25 luglio 2011
Corte d’Appello Perugia 25/07/2011 [Marchio - Contraffazione - C.d. contraffazione grossolana - C.d. prezzo vile]
SENTENZA
Pubblicata mediante lettura del dispositivo
Nella causa
Contro
Au.Fe., nato (...), residente in Sinalunga, Via (...) ed ivi elettivamente domiciliato
- libero -
Imputato
del delitto p. e p. dall'art. 474 c.p. perché deteneva e poneva in vendita 42 occhiali e 66 flaconi di profumo recanti i marchi contraffatti; in particolare deteneva e poneva in vendita i seguenti occhiali:
(…)
Appellante
l'imputato, avverso la sentenza emessa in data 27.6.2007 dal Giudice monocratico del Tribunale di Perugia, con la quale fu dichiarato colpevole del delitto a lui ascritto e fu condannato alla pena di anni uno di reclusione ed Euro 1.800,00 di multa, oltre che al pagamento delle spese processuali.
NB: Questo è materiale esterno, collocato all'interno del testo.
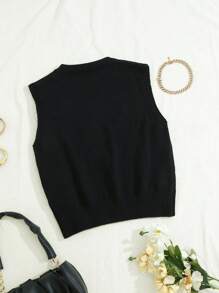 Lunelith SHEIN Lunessa Minimalist Sweet Women's Summer Loose Black 3D Floral Vest Knit Sleeveless Top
Fu concesso l'indulto di cui alla legge 241/06 sulla intera pena. Fu ordinata la pubblicazione della sentenza, per una sola volta e a spese dell'imputato, sul quotidiano La Nazione di Firenze. Fu disposta la confisca e la distruzione di quanto in sequestro. Fu condannato al risarcimento del danno in favore della parte civile costituita Or. S.A., demandando la relativa liquidazione alla separata sede civile.
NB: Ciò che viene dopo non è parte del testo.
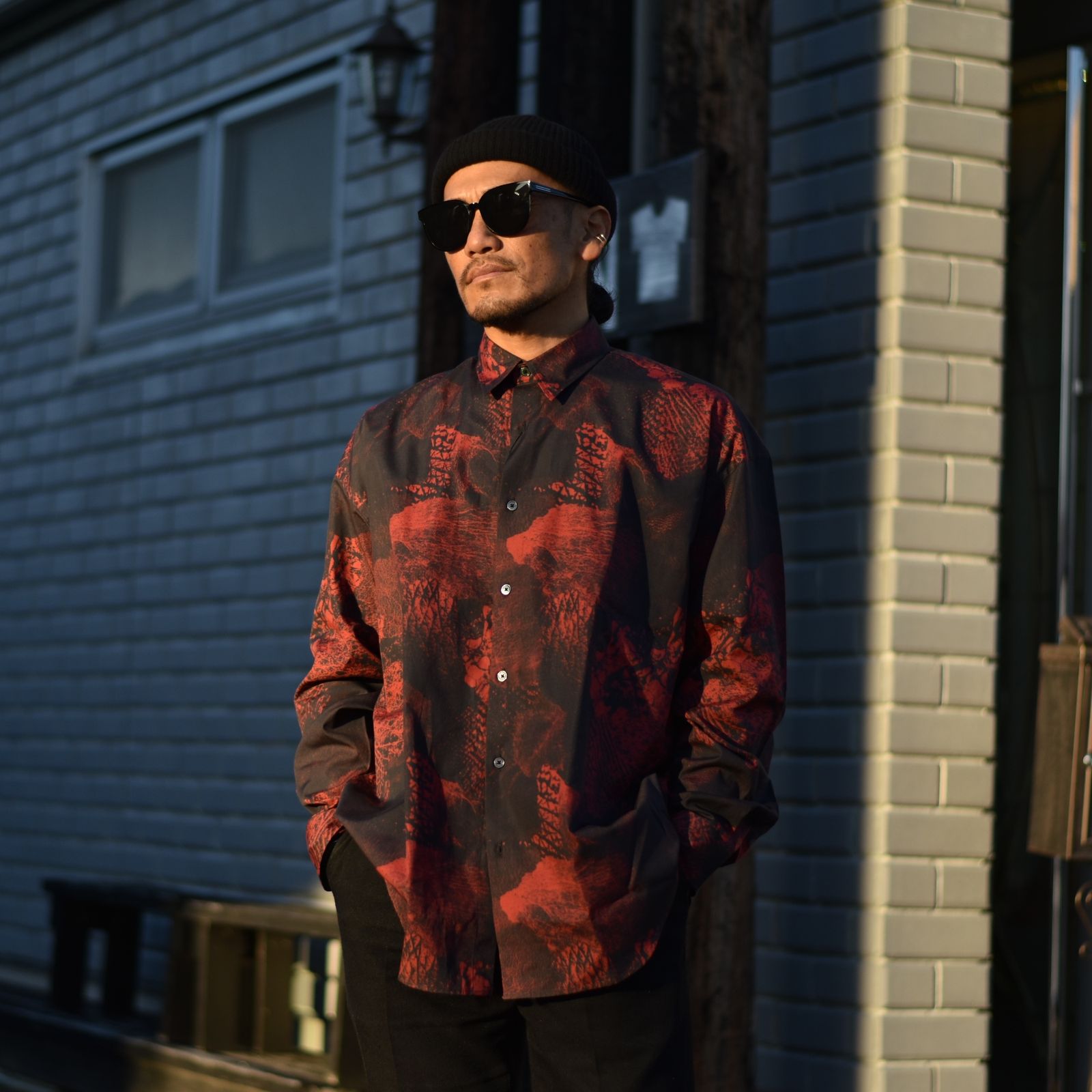Printed cotton oversized shirt ”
Venne concessa in favore della parte civile una provvisionale pari ad Euro 1.500,00, oltre che alla rifusione delle spese di costituzione e difesa in favore della costituita parte civile, liquidate in Euro 1.800,00 a titolo di onorario ed Euro 200,00 a titolo di spese, oltre rimborso forfettario, I.V.A. e C.A.P. come per legge.
Con costituzione di Parte Civile:
- Or. S.A., con sede a Parigi (Francia), 14, Rue (...), in persona del legale rappresentante Sig. Jo.Mo., nato (...), elettivamente domiciliato presso lo studio dell'avv. Da.Za. del foro di Perugia, in Via (...), che la rappresenta e difende in forza di procura speciale.
SVOLGIMENTO DEL PROCESSO
Con sentenza emessa il 26/6/2007 il Tribunale di Perugia (in composizione monocratica) riteneva Au.Fe. responsabile della violazione dell'art. 474 c.p. avendo detenuto per la vendita n. 42 occhiali e n. 66 flaconi di profumo recanti marchi contraffatti (come dall'elencazione di cui al capo di imputazione).
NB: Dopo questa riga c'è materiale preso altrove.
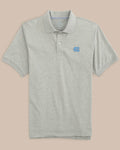 The front view of the UNC Tar Heels Skipjack Polo Shirt in Heather Grey by Southern Tide - Heather Grey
Accadimento accertato in Perugia il (...).
Il giudice di primo grado escludeva la possibilità di concedere all'imputato le attenuanti generiche, alla luce dei precedenti penali specifici, e lo condannava alla pena di anni uno di reclusione ed Euro 1.800,00 di multa, oltre alla pena accessoria della pubblicazione della sentenza sul quotidiano "La." di Firenze, dichiarando la pena interamente condonata.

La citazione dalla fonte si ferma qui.